Отец уже завел машину и открыл дверцу, усадил нас на задний диван. Включил все прожекторы и рванул через город, распугивая редких прохожих и чиркая крыльями по углам домов на поворотах. Нас то и дело заносило, он выравнивал магией и не тормозил… Он тоже устал и боялся за нас. И он тоже ощущал вину. Ляля была такая счастливая… Я все же расплакалась, меня стали утешать на два голоса. Кажется, им помогло.
В кабинете особняка фон Гессов уже сидел хмурый Евсей Оттович. Выслушал короткий рассказ отца. Кивнул, дал указания своим людям и снова отвернулся к троим цыганам в шубах, нелепым в жарко натопленной комнате. Но, кажется, у них обычай – для важных разговоров являться при параде.
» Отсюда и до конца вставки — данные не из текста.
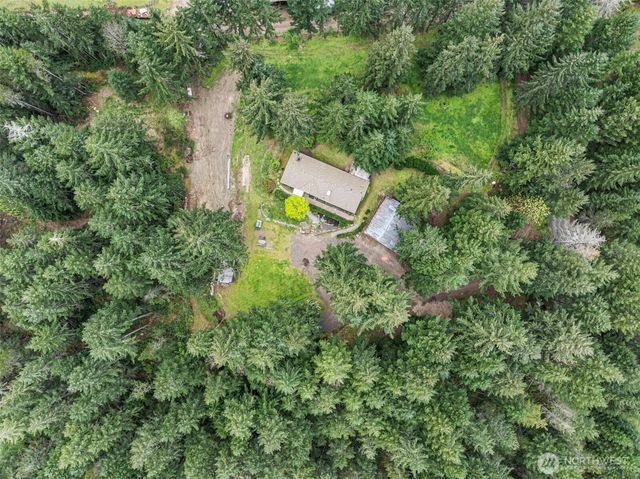 3459 SE Soholt Lane, Port Orchard, WA 98367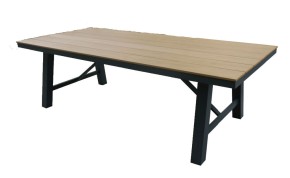 RY9022ST TABLE MODERN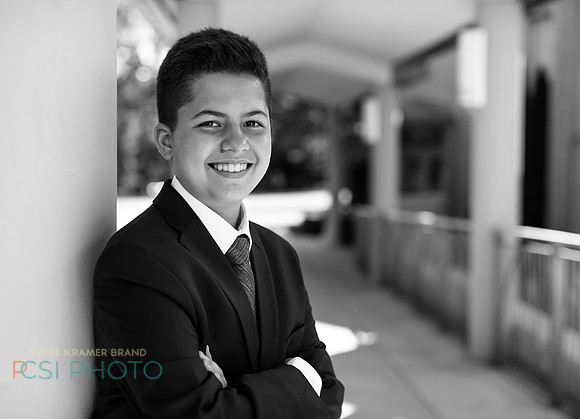 Waldman_0007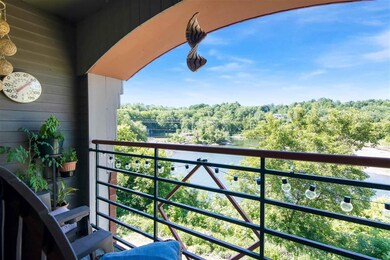 100 W Canal St unit 40, Winooski, VT 05404 - photo 3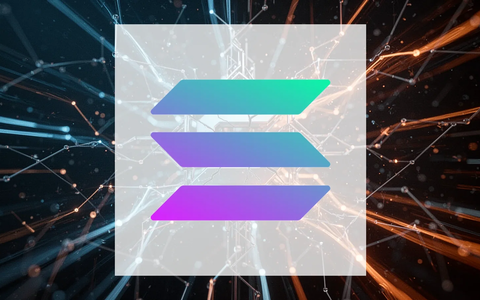 Solana: Wachstum und Schwäche zugleich - Foto: über boerse-global.de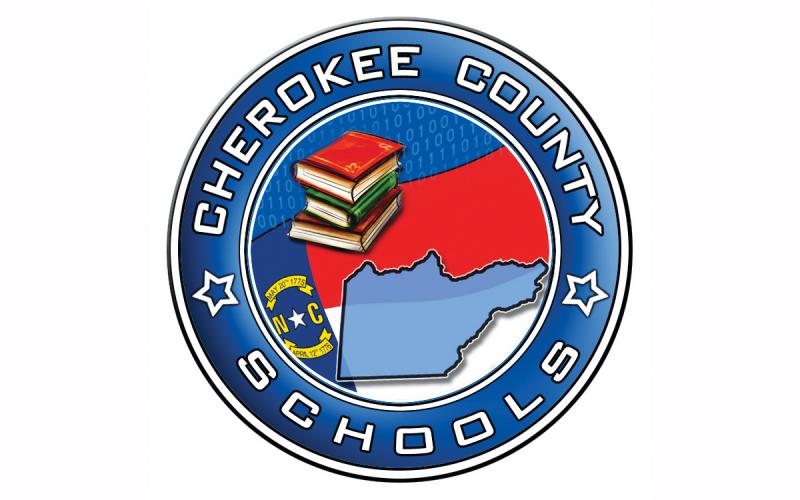 Cherokee County Schools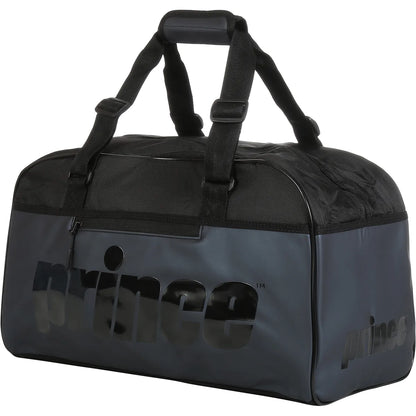 Prince Small Duffel Tasche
– Хорошо. Согласен, – бросил Горгон. – Но без поножовщины. В остальном меня не интересуют методы, коими вы доставите бомбистов. Нашли кому оказать поддержку. Борцы за свободу, мать вашу так и не так…
– Денег дали много, – покаянно вздохнул старший из цыган.
– Ты парня найди. – Корш строго глянул на сидящего напротив. – Ежели он Лялю убить грозился и все знали, почему никто не сообщил? Закрой мы его надежно, Рена уловила бы угрозу для Потапыча.
– Виноваты… – хором вздохнули цыгане.
Я обхватила голову руками и, пошатываясь, почти на ощупь побрела искать хоть какую-нибудь кровать. Весь мир состоял из виноватых подлецов и не виновных ни в чем, но окончательно мертвых хороших людей… А я шла по грани белого и черного, эта грань делалась все шире и затягивала, как болото. В дурноту обморока. В отчаяние невозможности всех спасти и все предвидеть. В воронку детерминации, что ограничивала мои силы.
Я обязана ехать в Арью.
Мой маршрут уже избран и известен очень многим.
Планы делаются все точнее, и они мне спутывают крылья.